China Mobile Ltd shares may fall in Hong Kong trading on concern the world's biggest phone company by value is deviating from its main business by considering an investment in Shanghai Pudong Development Bank Co.
"Shareholders will take this negatively," said Bertram Lai, who rates China Mobile shares "neutral" at CIMB-GK Securities in Hong Kong. "It doesn't make sense for the management to be using funds this way. They should be returning it to shareholders."
China Mobile Chairman Wang Jianzhou said Wednesday the possible investment in Pudong Bank will help the carrier build its electronic commerce business and lift earnings as mounting competition slows profit growth. The transaction would help replenish capital at the Shanghai-based lender after Chinese banks extended a record 9.59 trillion yuan ($1.4 trillion) of credit last year.
"You don't need to buy a bank to get into mobile banking. They should just stick to what they do," said Christopher Wong, a fund manager at Aberdeen Asset Management, which manages $45 billion of assets, including China Mobile shares, in the Asia excluding Japan region. "We'll be disappointed if this goes through. This is not what they do."

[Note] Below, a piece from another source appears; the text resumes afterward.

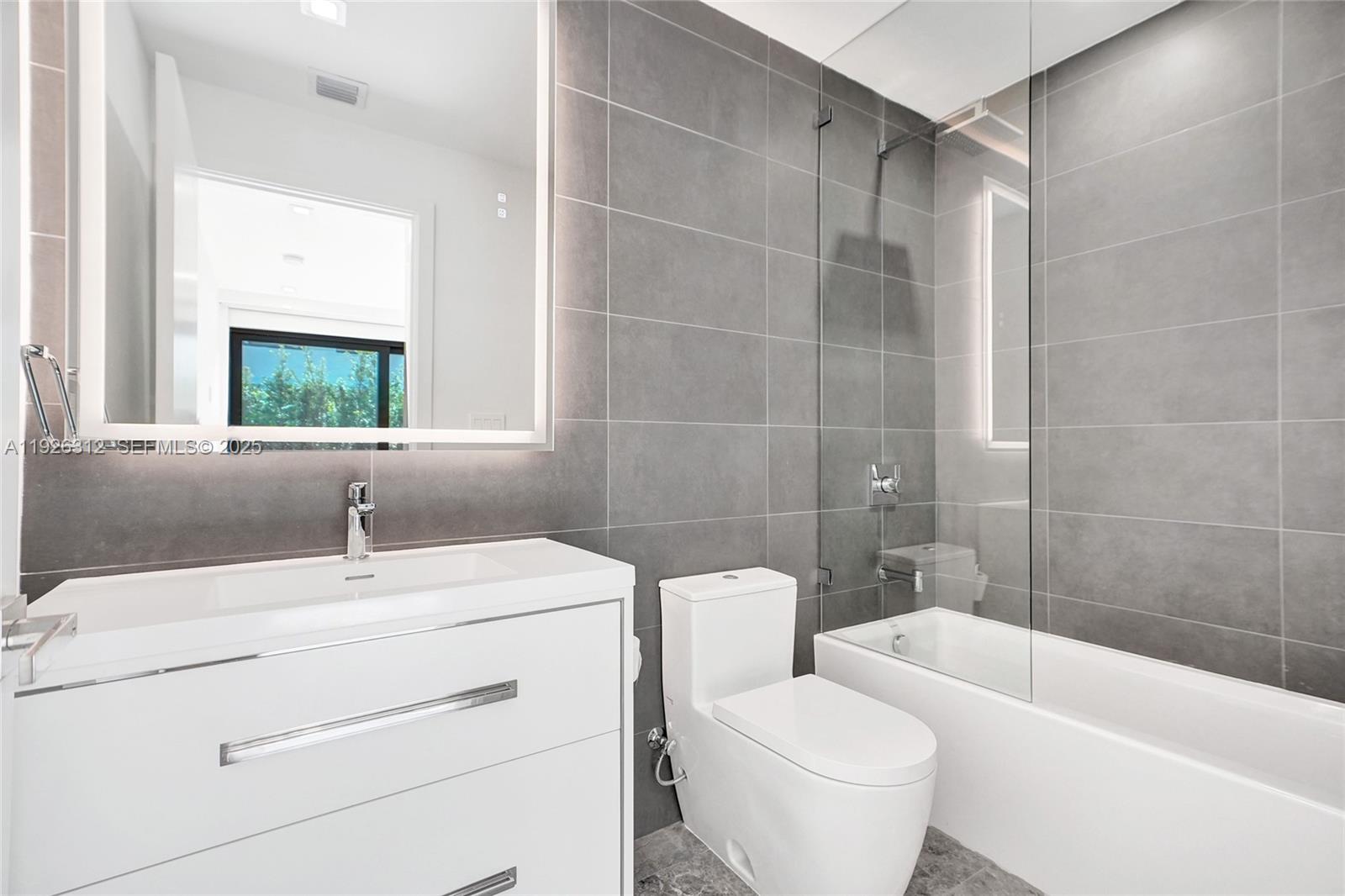 200 Sunrise Dr #200A Key Biscayne, FL 33149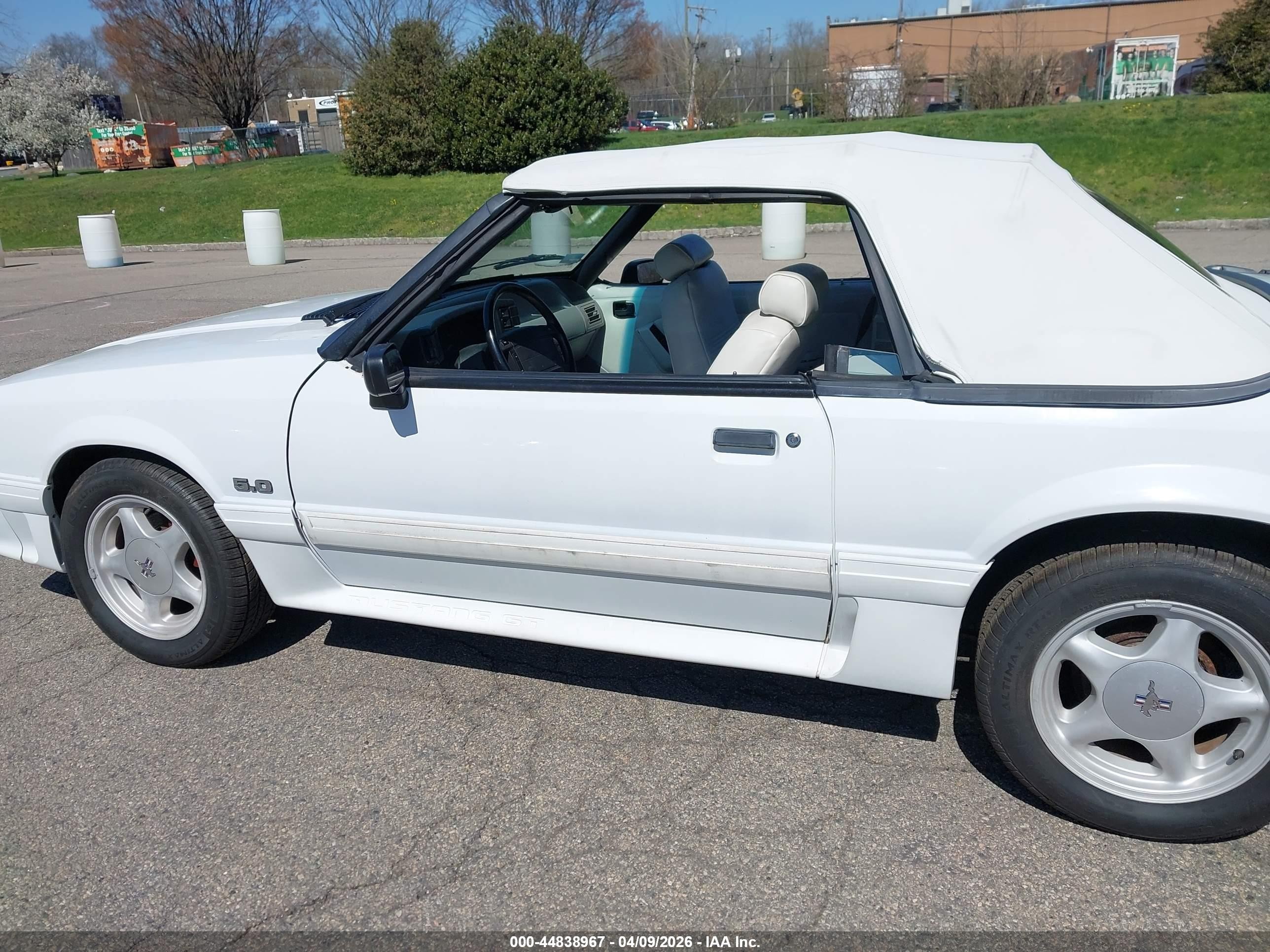 1991 Ford Mustang Gt/cobra Gt White vin: 1FACP45E1MF100105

Pudong Bank, part-owned by Citigroup Inc, said Wednesday in a Shanghai stock exchange filing that talks on a possible investment by China Mobile are under way. Wang said a deal will lift China Mobile's earnings per share as support from a financial firm helps it expand in e-commerce, a market dominated domestically by Alibaba Group Holding Ltd.
Trading Halted
China Mobile, which had 256 billion yuan ($37.5 billion) of cash at the end of June according to its interim earnings report, may buy 2.2 billion Pudong Bank shares for 17.82 yuan apiece, Guotai Junan Securities Co. analyst Wu Yonggang wrote in a note last week, without citing anyone. That's 14 percent lower than the stock's closing price before trading was halted on Feb. 26 pending an announcement about a strategic investment.
China Mobile fell 2.4 percent to HK$74.65 ($9.60) Wednesday in Hong Kong before the company's official announcement of the talks, underperforming the benchmark Hang Seng Index for a fourth consecutive session.
The phone carrier, with a market capitalization of HK$1.5 trillion as of Wednesday, hired China International Capital Corp. as its financial adviser, two people involved in the talks said, asking not to be identified because of confidentiality agreements.